## Source records

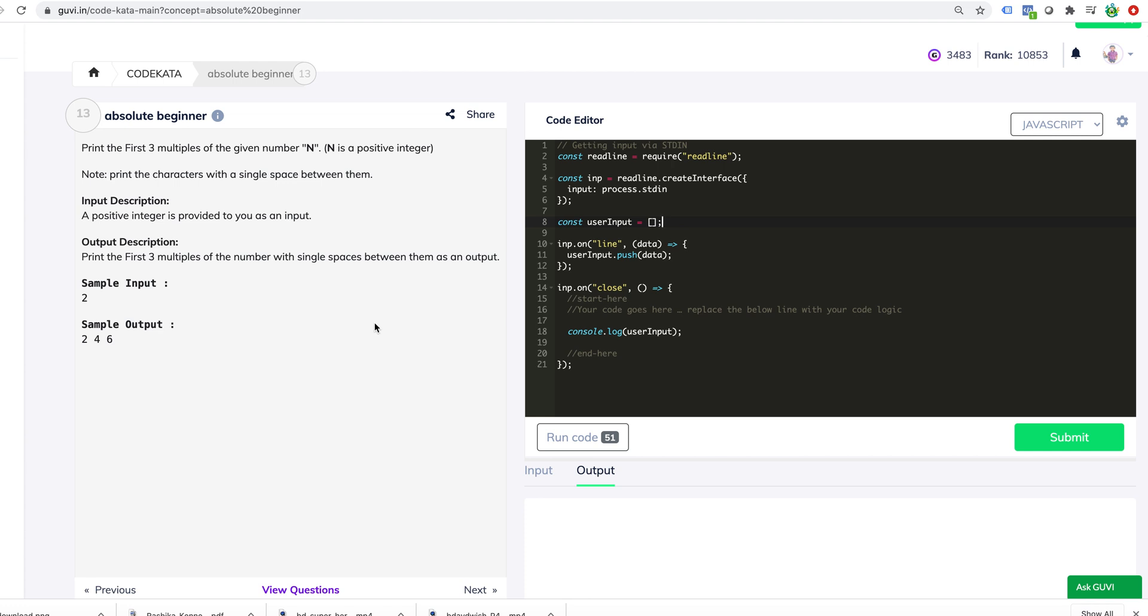Hi friends, this is Arun. Let's get started with how to solve problems in Codecutta using JavaScript. This is very specific to JavaScript but can be extended for other languages like Python or Java. But here I'm going to use JavaScript.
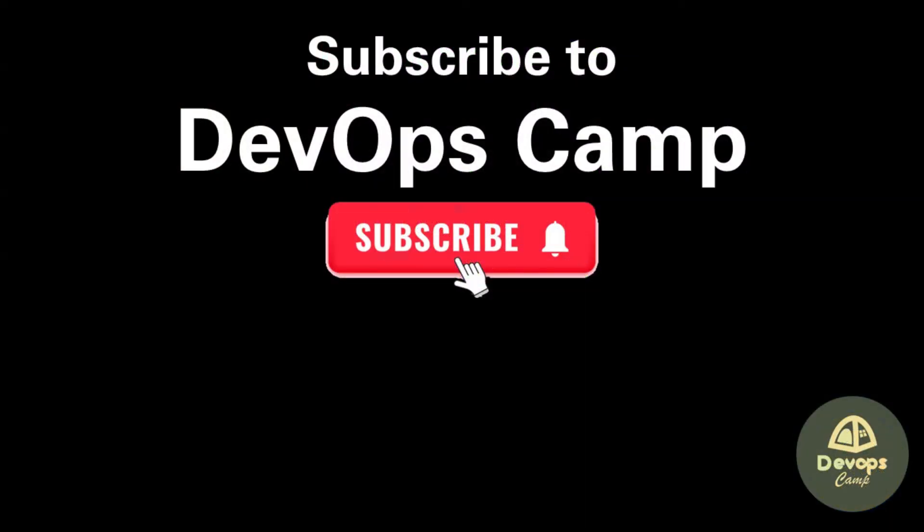That's it for this video. I hope you have enjoyed it. Like the video and subscribe to DevOps Camp for more content like this. Thank you for watching.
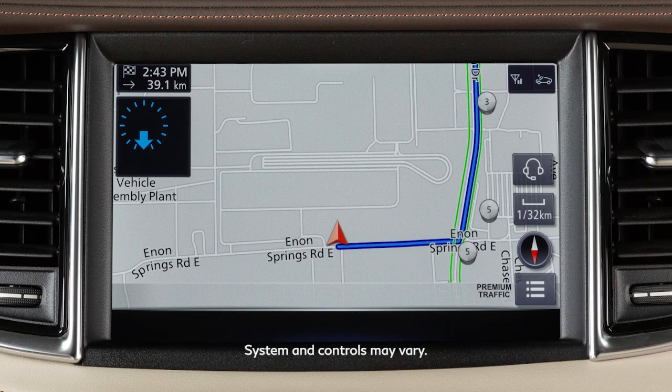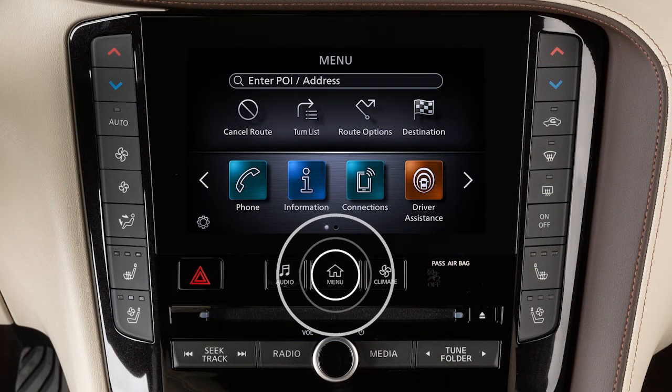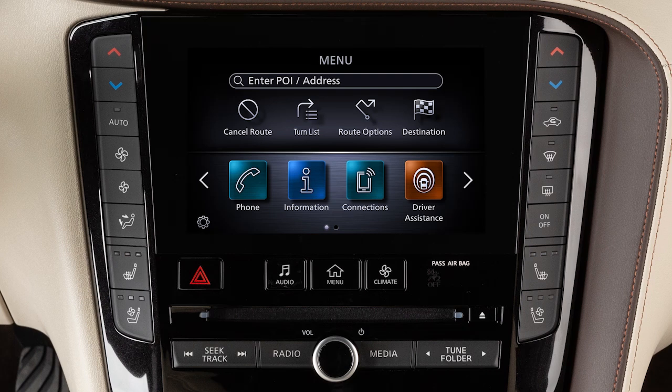To access the route menu after a destination has been set, press the Menu button, then touch Route Options.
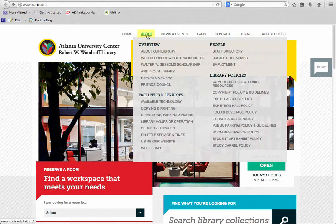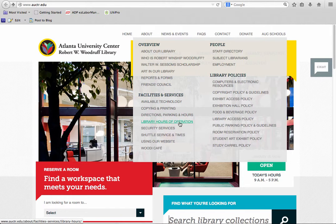As you look at the menu that drops down, go all the way under Facilities and Services to Library Hours of Operation. Go ahead and click on that.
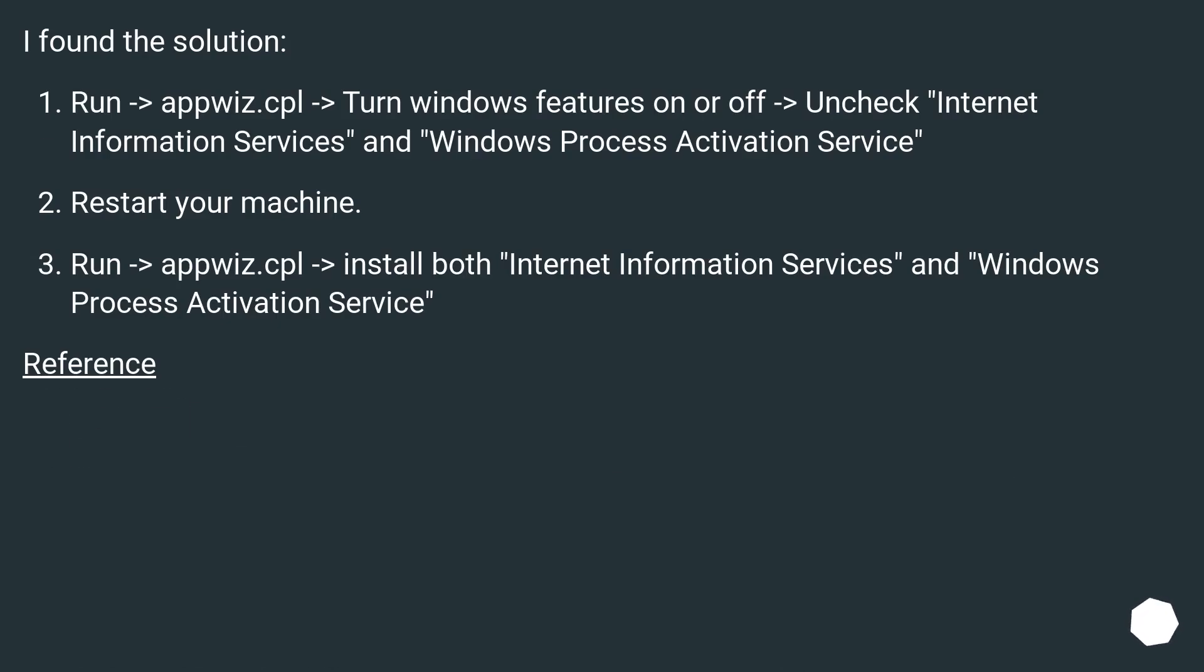I found a solution. Run appwiz.cpl, turn Windows features on or off, uncheck Internet Information Services and Windows Process Activation Service.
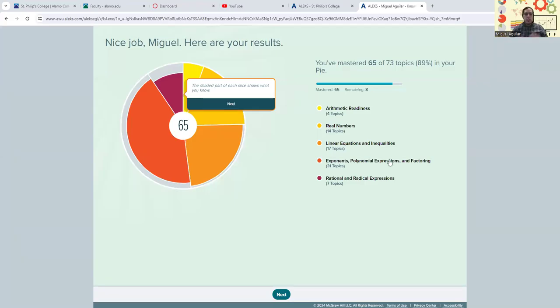Hey, y'all. I just wanted to pop in and give you guys a little video on what these ALEKS pies that we have now to work with are going to do for us in this class.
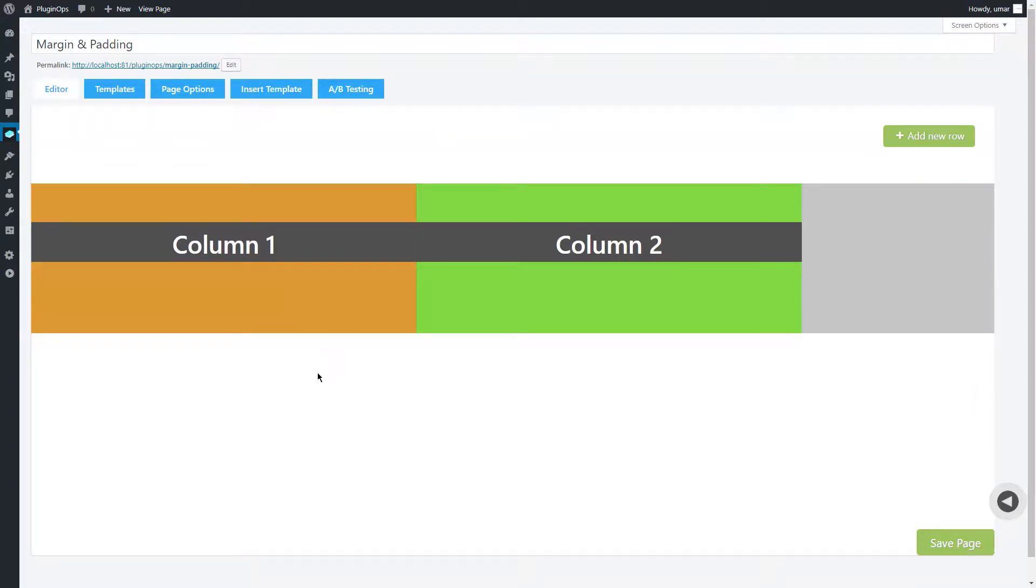Landing page builder plugin lets you add margin and padding to all the elements you can add in your pages. Let's see what margin and padding is and how to use them.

## What to work on
Give the lines exactly, from the first line of the entries to the line with "As you look", both ends included. Skip the pictures.

## Output for this exercise
Hi friends, this is Arun. Let's get started with how to solve problems in Codecutta using JavaScript. This is very specific to JavaScript but can be extended for other languages like Python or Java. But here I'm going to use JavaScript.
That's it for this video. I hope you have enjoyed it. Like the video and subscribe to DevOps Camp for more content like this. Thank you for watching.
To access the route menu after a destination has been set, press the Menu button, then touch Route Options.
As you look at the menu that drops down, go all the way under Facilities and Services to Library Hours of Operation. Go ahead and click on that.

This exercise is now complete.